- 1949 US re-release film poster
- Directed by: Leslie Arliss
- Written by: Leslie Arliss John Argyle
- Based on: The Night Has Eyes by Alan Kennington
- Produced by: John Argyle
- Starring: James Mason Joyce Howard
- Cinematography: Günther Krampf
- Edited by: Flora Newton
- Music by: Charles Williams
- Distributed by: Pathé Pictures International
- Release date: 1 June 1942;
- Running time: 79 minutes
- Country: United Kingdom
- Language: English
- Budget: £15,000

= The Night Has Eyes =

The Night Has Eyes, released in the United States as Terror House by Producers Releasing Corporation and re-released in the US by Cosmopolitan Pictures in 1949 as Moonlight Madness, is a 1942 British thriller film directed by Leslie Arliss starring James Mason, Joyce Howard, Wilfrid Lawson, Mary Clare and Tucker McGuire. It was written by Arliss and John Argyle based on the 1939 novel of the same title by Alan Kennington.

==Plot==
Two young female teachers travel to the Yorkshire Moors where their friend had disappeared a year before, and it is not long before they encounter a man they believe to be her murderer. That night, a violent storm breaks out, and they become stranded in the house where they are staying.

==Cast==
- James Mason as Stephen Deremid
- Wilfrid Lawson as Jim Sturrock
- Joyce Howard as Marian Ives
- Mary Clare as Mrs. Ranger
- Tucker McGuire as Doris
- John Fernald as Doctor Barry Randall
- Dorothy Black as Miss Fenwick
- Amy Dalby as Miss Miggs

==Critical reception==
The Monthly Film Bulletin wrote: "The dIrection and production of this film are too stagey to get the most out of quite a good plot. James Mason and Joyce Howard do their best as the hero and heroine. The best performance is undoubtedly that of Wilfrid Lawson as Mrs. Ranger's thoroughly Yorkshire husband."

Kine Weekly wrote: "The story takes some time to get down to brass tacks; there is a tendency to be arty and overstress the mental eccentricities of the hero, but once the gaff is blown and it is clear that the unhappy fellow has been framed, things begin to hum. In other words, the impetus given by the unexpected carries the story through a hectic maze of thrills to a grim, but morally secure, climax. It is an obvious, if grisly, winner from the straight."

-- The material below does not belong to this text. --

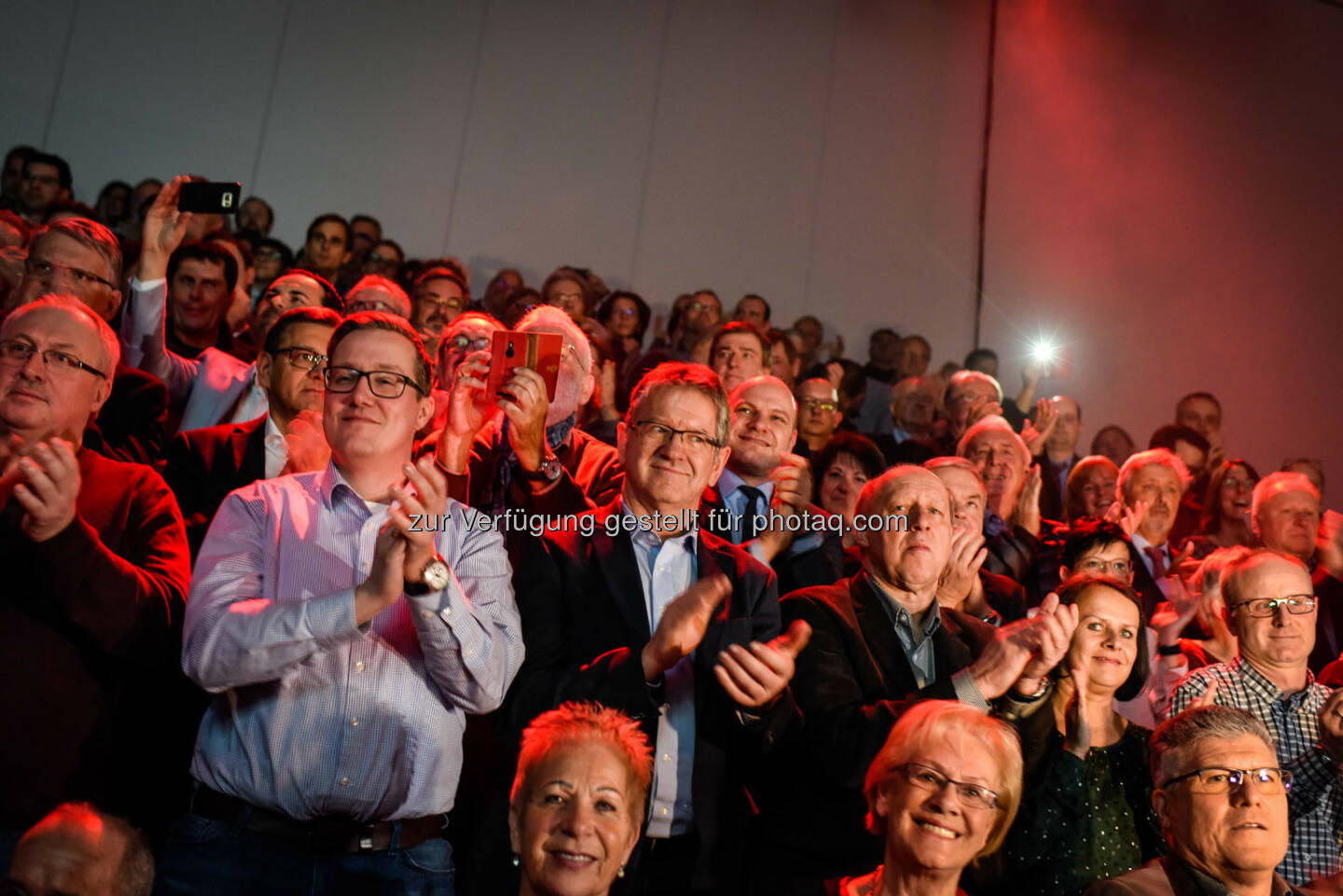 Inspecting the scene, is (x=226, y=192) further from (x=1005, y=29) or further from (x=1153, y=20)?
(x=1153, y=20)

Picturegoer wrote: "There is something intrinsically phoney about this psychological thriller which handicaps it from the start. ... James Mason is quite good as the ex-officer who believes he is a killer and Mary Clare is disarming as the housekeeper. Wilfrid Lawson is apt to overact as the handyman."

Picture Show wrote: "Unusual, grim thriller ... Although it is rather too arty and slow at first, the film picks up later on, and moves to a really horrifying climax."

Leonard Maltin called the film an "OK mystery."

TV Guide wrote "though melodramatic and soundstage-bound, Terror House is still quite effective and eerie. Fog covers almost every exterior; cinematographer Gunther Krampf spent long periods getting the artificial fog at just the right density... The final film was almost too effective, and after initially getting an A rating from the British censor and being booked on the biggest cinema circuit in Britain, the rating was suddenly changed to H (for "Horrific"), making it off-limits for anyone under 16 years of age. The big circuits had a policy of showing only A films, so the independent cinemas became the big winners, getting an excellent thriller starring Mason, Britain's top leading man at the time."